Close connections between here and there

Sometimes it requires the ability to put some distance between you and the thing you love to really appreciate it that much more. What’s the old adage? If you truly love something, then let it go … ? Frankly, I never put a lot of stock in that. Why would you deny yourself something that means so much to you?

Consequently, I would never do that intentionally. But when I vacationed recently in the United Kingdom, I sensed a correlation between Great Britain and East Tennessee that made me feel that much closer to this place I love. It wasn’t so much a matter of absence making the heart grow fonder as a situation where I found a connection, one that reminded me of just how precious this place is.

It may seem odd that being overseas brought thoughts of home. But the fact that there are links between there and here is more than mere coincidence. As anyone who knows will tell you, many people who live in East Tennessee trace their origins back to the British Isles, particularly to Scotland and Ireland.

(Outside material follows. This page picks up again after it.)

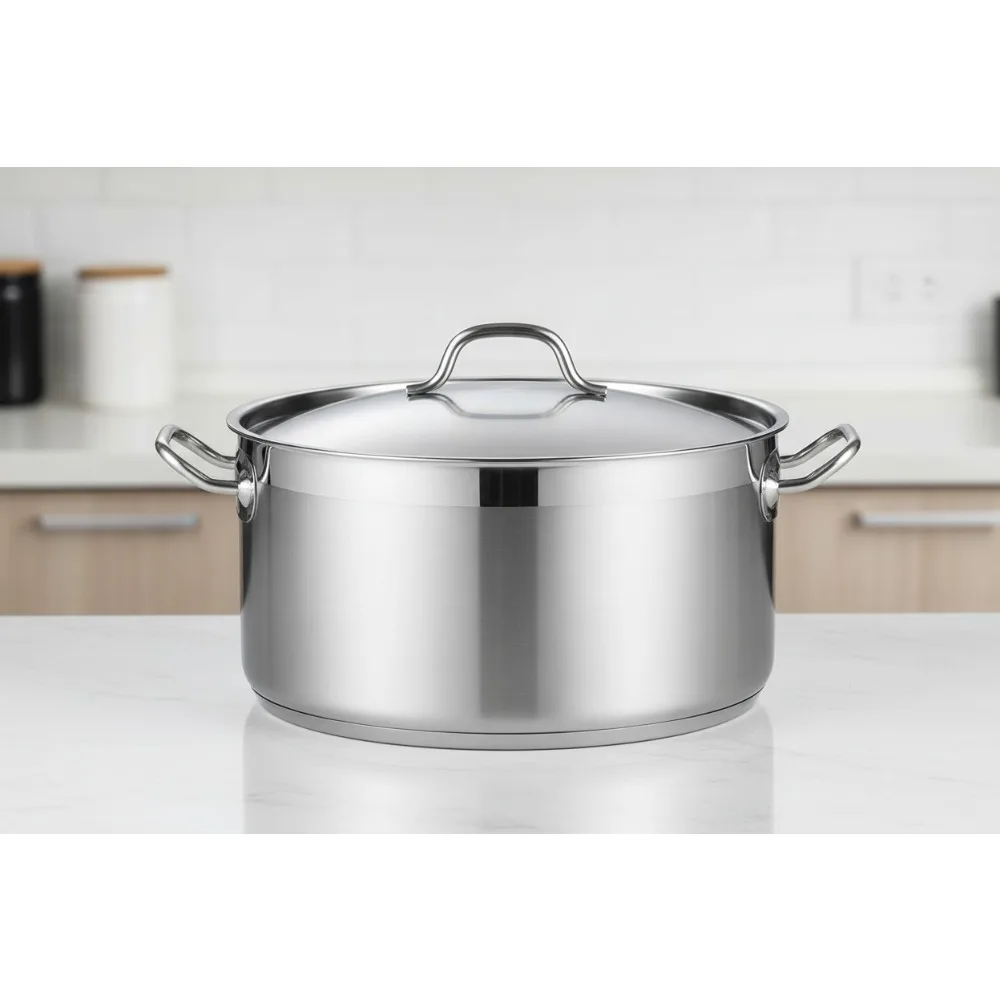 

9 Quart Stainless Steel Dutch Oven with Lid - Professional Multi-Purpose Casserole Pot for Home Chefs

It also is apparent why these immigrants set their sights on our environs. As I have observed in my travels, there are distinct similarities between our two cultures. Looking out from our tour bus as we journeyed through the Scottish highlands, suitcase full of dirty laundry aside, I felt as if I was home, particularly as I observed the green rolling hills and farmland populated by grazing cows and dotted with rolled bales of hay. It’s a beautiful sight, and, looking at the landscape, I could not help but to feel grateful that – as lovely as it is – it had nothing on the place that I call home.

Likewise, the people that I met reminded me of the folks that live here, as well. They’re warm, gracious and friendly to a fault, and they possess an accent as distinct as our Southern drawl. There was nothing they wouldn’t do to make their visitors feel at home, and, here again, I felt an instant bond. Despite all the turmoil and conflict we often encounter in this world, I came to realize that most people are kind, considerate and only too willing to lend a hand when needed, without expectation that they will receive a reward or reciprocation in return. It could be a gesture as simple as a hotel employee breaking into song and entertaining us in the local pub – he was terrific, by the way. Or it could be a manager of the property treating us to bottled water and refreshments as we chatted back in the lobby, all in an attempt to make us aware that he was quite content to cater to our every need. In each case, it was more than the obligatory offer; as we got the sense that each of these individuals truly cared about our comfort and wanted to make us feel at home.

There were other cultural connections, as well. There is great history in the British Isles, and we had the opportunity to explore any number of magnificent castles where we could walk in the shadows of kings and queens who lived in these lavish abodes hundreds of years ago. It’s an amazing feeling to experience history firsthand, and the majesty of these ancient dwellings is daunting, indeed. Of course, we’re no strangers to the ongoing presence of the past here, either. Our legacy may not extend as far back as it does overseas, but it’s also rich in its own way. Sam Houston, Davy Crockett and the settlers that first populated this place, those hardy individuals who carved out their homesteads in places like Cades Cove and the mountains that marked the farthest reaches of the wilderness made their own history in ways that inspire us even today.

Finally, there’s another thread that may be the most obvious of all. It comes in the form of the music: the fiddles, banjos, mandolins and other vintage instruments that formed the basis of folk music and the traditional trappings that are indigenous to those environs. Remarkably, it’s strikingly similar to the folk music played in Appalachia, no small surprise considering that those early immigrants brought their instruments with them, creating the seminal sounds of bluegrass, folk and country music – melodies that are evident still in our communities and which remain as essential as ever.

There’s one more common connection, as well, and that’s the love of beer. Yes, the Brits love their brews as much as we do here. Beer and good cheer: That’s an axiom worth repeating, and no other three words better sum up that unbreakable bond.